Hardening Configuration

1. nftables Per-IP Rate Limiting for API Endpoints

The nftables meter construct implements per-key rate limiting in kernel space. Unlike iptables recent module or hashlimit — which use linked lists and have poor performance under large key counts — nftables meters use kernel hashmaps with O(1) lookup. Each meter entry tracks packet count and timing for a key (source IP, source /24, etc.) without userspace involvement.

#!/bin/bash
# /etc/nftables/api-protection.sh
# Complete nftables API protection ruleset
# Run as root. Idempotent: flushes and rebuilds on each execution.

set -euo pipefail

nft flush ruleset

nft add table inet api_protection

nft add chain inet api_protection input \
  '{ type filter hook input priority 0; policy accept; }'

# --- Per-source-IP rate limit on HTTPS (443) ---
# Allow up to 100 packets/second with a burst of 200.
# The meter key is src IP; state persists in kernel for the lifetime of the rule.

nft add rule inet api_protection input \
  ip protocol tcp tcp dport 443 \
  meter ip_rate_limit size 65536 \
    '{ ip saddr timeout 60s limit rate 100/second burst 200 packets }' \
  accept

nft add rule inet api_protection input \
  ip protocol tcp tcp dport 443 \
  meter ip_rate_limit size 65536 \
    '{ ip saddr timeout 60s limit rate over 100/second burst 200 packets }' \
  counter drop

# --- Per-/24 subnet limit (catches distributed botnet across a single provider range) ---
# Many botnets and credential stuffing operations use cloud hosting ranges.
# A /24 containing 50 botnet nodes at 10 req/s each = 500 req/s from the subnet.

nft add rule inet api_protection input \
  ip protocol tcp tcp dport 443 \
  meter subnet_rate size 16384 \
    '{ ip saddr and 255.255.255.0 timeout 60s limit rate 500/second burst 1000 packets }' \
  accept

nft add rule inet api_protection input \
  ip protocol tcp tcp dport 443 \
  meter subnet_rate size 16384 \
    '{ ip saddr and 255.255.255.0 timeout 60s limit rate over 500/second }' \
  counter drop

# --- SYN flood protection ---
# Evaluates only TCP SYN packets (new connection initiation).
# Drops before kernel allocates TCP socket state and long before TLS context.

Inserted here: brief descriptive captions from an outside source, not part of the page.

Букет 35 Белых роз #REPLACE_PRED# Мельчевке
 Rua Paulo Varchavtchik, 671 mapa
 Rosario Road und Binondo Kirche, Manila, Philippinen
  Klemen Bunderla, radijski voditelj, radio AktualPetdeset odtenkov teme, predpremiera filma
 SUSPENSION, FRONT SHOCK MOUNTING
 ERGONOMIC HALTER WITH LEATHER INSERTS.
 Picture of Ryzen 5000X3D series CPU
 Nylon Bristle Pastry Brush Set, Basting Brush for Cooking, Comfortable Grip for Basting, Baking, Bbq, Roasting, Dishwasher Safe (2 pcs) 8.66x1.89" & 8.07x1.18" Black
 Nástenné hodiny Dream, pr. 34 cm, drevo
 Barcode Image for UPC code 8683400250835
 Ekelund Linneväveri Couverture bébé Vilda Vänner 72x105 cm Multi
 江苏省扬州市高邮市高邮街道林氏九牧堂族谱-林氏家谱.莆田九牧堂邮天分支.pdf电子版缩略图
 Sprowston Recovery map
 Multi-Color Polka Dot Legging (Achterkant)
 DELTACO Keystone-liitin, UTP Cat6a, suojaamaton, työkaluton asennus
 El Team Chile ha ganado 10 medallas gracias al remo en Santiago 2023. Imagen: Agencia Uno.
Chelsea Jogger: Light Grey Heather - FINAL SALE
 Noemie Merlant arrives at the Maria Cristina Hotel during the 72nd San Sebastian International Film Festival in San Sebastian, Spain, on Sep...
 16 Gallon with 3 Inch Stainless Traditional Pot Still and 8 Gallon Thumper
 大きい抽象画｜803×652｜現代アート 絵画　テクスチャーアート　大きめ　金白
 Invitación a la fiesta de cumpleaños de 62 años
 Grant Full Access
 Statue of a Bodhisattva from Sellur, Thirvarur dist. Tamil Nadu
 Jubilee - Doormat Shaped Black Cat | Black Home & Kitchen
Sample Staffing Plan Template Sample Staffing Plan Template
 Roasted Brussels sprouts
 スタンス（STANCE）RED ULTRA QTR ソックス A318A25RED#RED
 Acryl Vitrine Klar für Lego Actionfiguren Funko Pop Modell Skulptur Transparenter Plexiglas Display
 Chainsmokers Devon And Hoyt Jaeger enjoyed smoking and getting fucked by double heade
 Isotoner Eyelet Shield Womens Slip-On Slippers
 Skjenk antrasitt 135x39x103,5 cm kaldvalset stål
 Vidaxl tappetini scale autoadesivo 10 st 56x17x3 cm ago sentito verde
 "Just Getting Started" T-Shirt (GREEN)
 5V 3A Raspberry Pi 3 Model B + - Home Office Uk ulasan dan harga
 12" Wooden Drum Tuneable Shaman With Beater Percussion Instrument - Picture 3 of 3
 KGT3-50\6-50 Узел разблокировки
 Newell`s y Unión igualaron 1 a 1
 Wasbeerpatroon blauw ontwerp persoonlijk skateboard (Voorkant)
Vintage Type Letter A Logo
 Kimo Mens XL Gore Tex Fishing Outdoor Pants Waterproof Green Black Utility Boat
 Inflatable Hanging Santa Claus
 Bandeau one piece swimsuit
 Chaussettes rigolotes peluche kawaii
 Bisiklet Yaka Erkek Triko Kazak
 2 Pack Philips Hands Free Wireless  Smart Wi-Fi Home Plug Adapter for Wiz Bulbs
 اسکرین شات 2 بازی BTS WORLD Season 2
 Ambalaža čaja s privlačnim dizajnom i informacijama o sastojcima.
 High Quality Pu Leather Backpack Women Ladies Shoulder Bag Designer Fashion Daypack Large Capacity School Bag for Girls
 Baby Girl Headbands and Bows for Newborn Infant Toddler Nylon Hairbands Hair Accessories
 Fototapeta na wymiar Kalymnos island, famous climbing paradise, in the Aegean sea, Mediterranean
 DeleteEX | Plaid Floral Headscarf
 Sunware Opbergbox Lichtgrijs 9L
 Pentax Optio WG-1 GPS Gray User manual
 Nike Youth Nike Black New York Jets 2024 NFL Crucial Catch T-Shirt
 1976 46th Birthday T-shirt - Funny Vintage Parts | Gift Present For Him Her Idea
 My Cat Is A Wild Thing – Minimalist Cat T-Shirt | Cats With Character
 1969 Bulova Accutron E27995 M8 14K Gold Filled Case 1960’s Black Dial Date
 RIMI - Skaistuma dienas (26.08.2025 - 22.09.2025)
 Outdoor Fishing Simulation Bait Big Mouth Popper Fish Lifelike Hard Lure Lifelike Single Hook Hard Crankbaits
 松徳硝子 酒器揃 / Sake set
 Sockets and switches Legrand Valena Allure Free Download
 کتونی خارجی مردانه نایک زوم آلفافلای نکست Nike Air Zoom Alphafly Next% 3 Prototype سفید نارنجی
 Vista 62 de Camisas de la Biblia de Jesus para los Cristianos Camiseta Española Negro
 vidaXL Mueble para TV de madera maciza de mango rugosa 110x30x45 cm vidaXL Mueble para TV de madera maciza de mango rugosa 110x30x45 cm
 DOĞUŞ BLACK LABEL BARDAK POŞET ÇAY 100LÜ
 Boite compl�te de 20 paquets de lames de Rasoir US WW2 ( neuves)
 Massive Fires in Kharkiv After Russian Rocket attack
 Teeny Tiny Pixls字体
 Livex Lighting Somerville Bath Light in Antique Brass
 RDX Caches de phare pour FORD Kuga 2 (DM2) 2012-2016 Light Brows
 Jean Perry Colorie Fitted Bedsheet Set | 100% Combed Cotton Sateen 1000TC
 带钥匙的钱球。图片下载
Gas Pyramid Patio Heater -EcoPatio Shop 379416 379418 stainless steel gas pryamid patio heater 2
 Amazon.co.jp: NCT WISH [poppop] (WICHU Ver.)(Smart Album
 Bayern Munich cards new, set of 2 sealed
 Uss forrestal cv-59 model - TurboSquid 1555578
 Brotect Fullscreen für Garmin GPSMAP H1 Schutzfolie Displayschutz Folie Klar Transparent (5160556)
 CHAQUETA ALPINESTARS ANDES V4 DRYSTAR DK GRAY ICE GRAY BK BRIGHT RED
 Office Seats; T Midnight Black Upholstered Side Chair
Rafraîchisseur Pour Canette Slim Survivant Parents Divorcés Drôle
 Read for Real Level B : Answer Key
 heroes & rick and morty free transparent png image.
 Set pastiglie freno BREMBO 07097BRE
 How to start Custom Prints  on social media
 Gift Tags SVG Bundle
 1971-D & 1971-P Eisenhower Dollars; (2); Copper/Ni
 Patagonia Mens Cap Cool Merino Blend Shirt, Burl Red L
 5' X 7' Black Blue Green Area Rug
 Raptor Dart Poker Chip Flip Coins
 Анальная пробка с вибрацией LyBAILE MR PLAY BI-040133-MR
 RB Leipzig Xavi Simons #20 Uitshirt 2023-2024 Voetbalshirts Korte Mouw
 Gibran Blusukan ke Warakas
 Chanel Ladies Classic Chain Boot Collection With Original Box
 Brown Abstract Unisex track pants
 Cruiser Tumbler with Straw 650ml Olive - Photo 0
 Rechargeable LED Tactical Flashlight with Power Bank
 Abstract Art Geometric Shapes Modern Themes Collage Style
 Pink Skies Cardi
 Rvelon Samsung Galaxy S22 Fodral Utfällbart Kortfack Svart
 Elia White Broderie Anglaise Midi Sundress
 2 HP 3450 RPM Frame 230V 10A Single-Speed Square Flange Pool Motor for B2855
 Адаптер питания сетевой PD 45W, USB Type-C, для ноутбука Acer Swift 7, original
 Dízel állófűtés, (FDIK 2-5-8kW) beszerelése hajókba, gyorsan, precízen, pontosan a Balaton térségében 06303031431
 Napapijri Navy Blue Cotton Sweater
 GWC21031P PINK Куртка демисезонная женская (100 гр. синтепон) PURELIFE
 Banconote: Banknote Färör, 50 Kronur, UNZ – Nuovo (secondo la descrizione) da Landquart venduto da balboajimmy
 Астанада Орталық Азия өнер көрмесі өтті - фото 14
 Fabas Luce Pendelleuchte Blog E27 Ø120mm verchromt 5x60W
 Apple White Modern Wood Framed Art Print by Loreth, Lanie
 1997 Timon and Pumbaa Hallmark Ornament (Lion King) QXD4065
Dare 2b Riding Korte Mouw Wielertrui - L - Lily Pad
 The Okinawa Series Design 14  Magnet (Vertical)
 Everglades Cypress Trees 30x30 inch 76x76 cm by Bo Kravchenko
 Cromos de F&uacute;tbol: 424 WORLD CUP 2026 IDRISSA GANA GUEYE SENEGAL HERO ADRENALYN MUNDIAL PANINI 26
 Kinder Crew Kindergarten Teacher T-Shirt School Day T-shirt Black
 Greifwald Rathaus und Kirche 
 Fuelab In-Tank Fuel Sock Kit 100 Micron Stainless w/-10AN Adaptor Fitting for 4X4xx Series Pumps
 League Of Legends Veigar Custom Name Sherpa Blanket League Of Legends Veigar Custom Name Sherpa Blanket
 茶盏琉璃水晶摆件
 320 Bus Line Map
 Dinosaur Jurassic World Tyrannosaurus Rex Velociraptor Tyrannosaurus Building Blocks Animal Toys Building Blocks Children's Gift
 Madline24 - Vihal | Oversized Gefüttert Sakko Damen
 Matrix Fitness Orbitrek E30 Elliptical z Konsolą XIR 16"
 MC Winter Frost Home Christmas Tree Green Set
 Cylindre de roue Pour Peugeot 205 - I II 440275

nft add rule inet api_protection input \
  tcp flags '& (fin|syn|rst|ack) == syn' \
  meter syn_flood size 65536 \
    '{ ip saddr timeout 30s limit rate 20/second burst 40 packets }' \
  accept

nft add rule inet api_protection input \
  tcp flags '& (fin|syn|rst|ack) == syn' \
  meter syn_flood size 65536 \
    '{ ip saddr timeout 30s limit rate over 20/second }' \
  counter drop

echo "nftables API protection ruleset loaded"
nft list ruleset

The size parameter on meters sets the maximum number of tracked keys. A meter with size 65536 tracking source IPs uses approximately 4 MB of kernel memory (64 bytes per entry). Under an attack from more than 65,536 distinct source IPs, older entries are evicted. This is acceptable: eviction means a previously-tracked attacking IP temporarily resets its counter to zero and gets one burst window before being rate-limited again. The alternative — an unbounded meter — risks kernel memory exhaustion.

2. Connection Limit with nftables conntrack

The conntrack module tracks active connection state. Using it for per-IP connection counting blocks Slowloris and similar hold-open attacks at the TCP layer, before nginx allocates a connection slot.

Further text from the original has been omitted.